My brother nodded. "Of course. It is my child, after all."

 

 

"Your child!" I exploded. Oh, yes, I could easily imagine how it had happened. My brother, the charming boy, the heartbreaker. Whenever he wanted a woman, he just had to look at her with his big dark eyes. Irresistible. At least that's how it seemed to me. He had once demonstrated this glance to me, just for fun, and I had spent hours in front of the mirror afterward, practising. I had no chance. My eyes were lighter, smaller, and on top of that I lacked his maturity, as I know now, which gave him this air of superiority. Sure, he was a good-looking guy and an able scientist. Why else would they have called him to Berkeley?

 

 

I might have hit him. In fact, I should have done it, although it would have been futile because it would not have changed anything. And on top of that he was the stronger, so in the end I would have got a beating.

 

 

"You consider me a pig?"

 

 

I spared him my reply.

 

 

My brother lit a cigarette. He had never smoked back home. He was nervous. "Dear little brother, you must know that it always takes two," he said. "To make love, I mean. And I can assure you, I didn't rape Marie."

 

 

I said nothing. Not raped but seduced, I thought. With your eyes. That was something poor Nick was unable to compete with.

 

 

"You're outraged, I can see that." That didn't require much. I blush easily when I'm excited, and apart from that my lips get quite thin. My brother tried hard to explain that Marie would have left Nick anyway; it was just a matter of time. That their marriage had been a romantic mistake from the very beginning. Only later had it occurred to Marie that his attempted suicide had not been a heroic act at all— otherwise he would not have run away to Canada in the first place. Grabbing the gun had been nothing but a panic reaction.

 

 

And the relationship between my brother and Marie, that was no romantic mistake? Wasn't it perhaps just an easy escape from her unattractive everyday life with a cripple? Because a cripple he was, regardless of all his skills and his charm. But I didn't mention it, as it was too late anyway. The baby was on its way; the decision had been made. "When are you going to tell him?" I queried.

 

 

My brother could not conceal a hint of uncertainty. "In a few weeks, I think. At least we didn't want to bring the issue up before your visit. We wanted to show you a little bit of California without any problems."

 

 

* * *

The next few days passed like a dream. We rode the cable car, took a short and very cold bath in the Pacific and payed a visit to the sea lions at Fisherman's Wharf.
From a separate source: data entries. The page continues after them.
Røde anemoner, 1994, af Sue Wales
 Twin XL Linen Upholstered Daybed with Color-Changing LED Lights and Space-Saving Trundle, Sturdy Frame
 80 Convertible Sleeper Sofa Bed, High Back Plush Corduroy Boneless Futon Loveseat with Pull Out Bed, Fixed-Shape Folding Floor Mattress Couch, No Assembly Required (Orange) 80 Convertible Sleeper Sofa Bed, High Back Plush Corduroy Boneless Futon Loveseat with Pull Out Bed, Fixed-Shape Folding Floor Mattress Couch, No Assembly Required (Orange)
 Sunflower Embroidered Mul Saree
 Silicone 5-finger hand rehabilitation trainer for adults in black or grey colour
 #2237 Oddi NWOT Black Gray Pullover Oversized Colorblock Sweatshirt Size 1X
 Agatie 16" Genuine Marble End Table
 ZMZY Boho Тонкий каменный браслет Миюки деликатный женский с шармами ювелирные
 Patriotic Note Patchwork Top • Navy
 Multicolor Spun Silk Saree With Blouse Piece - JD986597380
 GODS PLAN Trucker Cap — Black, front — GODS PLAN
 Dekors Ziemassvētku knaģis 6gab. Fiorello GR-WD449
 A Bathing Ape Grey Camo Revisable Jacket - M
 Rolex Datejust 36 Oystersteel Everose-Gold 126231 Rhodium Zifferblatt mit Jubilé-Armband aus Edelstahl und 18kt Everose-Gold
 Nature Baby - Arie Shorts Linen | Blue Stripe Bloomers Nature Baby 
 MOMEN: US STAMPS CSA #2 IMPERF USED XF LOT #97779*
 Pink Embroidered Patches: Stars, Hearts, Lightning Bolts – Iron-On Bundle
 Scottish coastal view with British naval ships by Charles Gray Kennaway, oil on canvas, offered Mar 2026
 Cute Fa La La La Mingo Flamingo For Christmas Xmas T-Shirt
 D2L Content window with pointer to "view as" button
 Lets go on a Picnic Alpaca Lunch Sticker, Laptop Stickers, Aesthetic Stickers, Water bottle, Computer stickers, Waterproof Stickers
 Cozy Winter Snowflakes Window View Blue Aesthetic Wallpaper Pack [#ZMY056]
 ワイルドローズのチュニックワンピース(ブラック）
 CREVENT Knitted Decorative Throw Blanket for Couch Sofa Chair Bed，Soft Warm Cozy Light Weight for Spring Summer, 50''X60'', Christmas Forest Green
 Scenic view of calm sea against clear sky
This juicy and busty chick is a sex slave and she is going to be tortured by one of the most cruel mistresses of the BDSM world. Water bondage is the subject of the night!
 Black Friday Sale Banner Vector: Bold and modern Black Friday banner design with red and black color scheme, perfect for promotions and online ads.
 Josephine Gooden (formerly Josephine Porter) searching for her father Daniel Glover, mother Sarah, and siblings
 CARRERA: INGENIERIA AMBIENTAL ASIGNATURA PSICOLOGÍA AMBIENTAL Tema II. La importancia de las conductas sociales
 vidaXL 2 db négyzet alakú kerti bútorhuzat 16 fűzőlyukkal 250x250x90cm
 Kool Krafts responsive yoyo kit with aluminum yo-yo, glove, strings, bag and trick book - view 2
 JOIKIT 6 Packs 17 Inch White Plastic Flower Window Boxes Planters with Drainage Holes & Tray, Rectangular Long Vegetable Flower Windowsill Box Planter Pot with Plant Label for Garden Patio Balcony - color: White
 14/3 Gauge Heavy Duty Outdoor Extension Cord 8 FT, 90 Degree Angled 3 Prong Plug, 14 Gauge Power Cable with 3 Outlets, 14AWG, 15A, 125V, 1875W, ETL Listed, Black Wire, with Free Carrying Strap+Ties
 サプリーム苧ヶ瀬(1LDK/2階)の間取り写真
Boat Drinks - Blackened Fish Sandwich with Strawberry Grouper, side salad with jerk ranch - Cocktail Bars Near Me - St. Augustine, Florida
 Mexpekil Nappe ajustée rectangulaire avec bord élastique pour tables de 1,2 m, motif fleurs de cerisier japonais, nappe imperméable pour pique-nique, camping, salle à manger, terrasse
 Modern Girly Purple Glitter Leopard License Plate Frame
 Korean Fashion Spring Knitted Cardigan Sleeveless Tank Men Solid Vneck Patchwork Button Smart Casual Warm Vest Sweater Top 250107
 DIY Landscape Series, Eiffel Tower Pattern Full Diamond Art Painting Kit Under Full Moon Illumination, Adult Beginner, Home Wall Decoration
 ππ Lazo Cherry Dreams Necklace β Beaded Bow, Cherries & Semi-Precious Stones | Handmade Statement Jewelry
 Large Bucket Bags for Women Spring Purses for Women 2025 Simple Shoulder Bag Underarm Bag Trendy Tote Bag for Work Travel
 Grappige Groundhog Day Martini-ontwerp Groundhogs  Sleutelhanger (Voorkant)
In the evening, drinking wine in Nick's living room, we talked and laughed a lot, and during all this I nearly forgot the dark clouds that were gathering over the three of them. When on the last evening late at night a hailstorm swept over the house, Nick and my brother sang loudly and rather out of key "It Never Rains in California". My brother shouted so loudly that Parker, the dog, looked at him reproachfully. I have no idea what became of Parker afterward.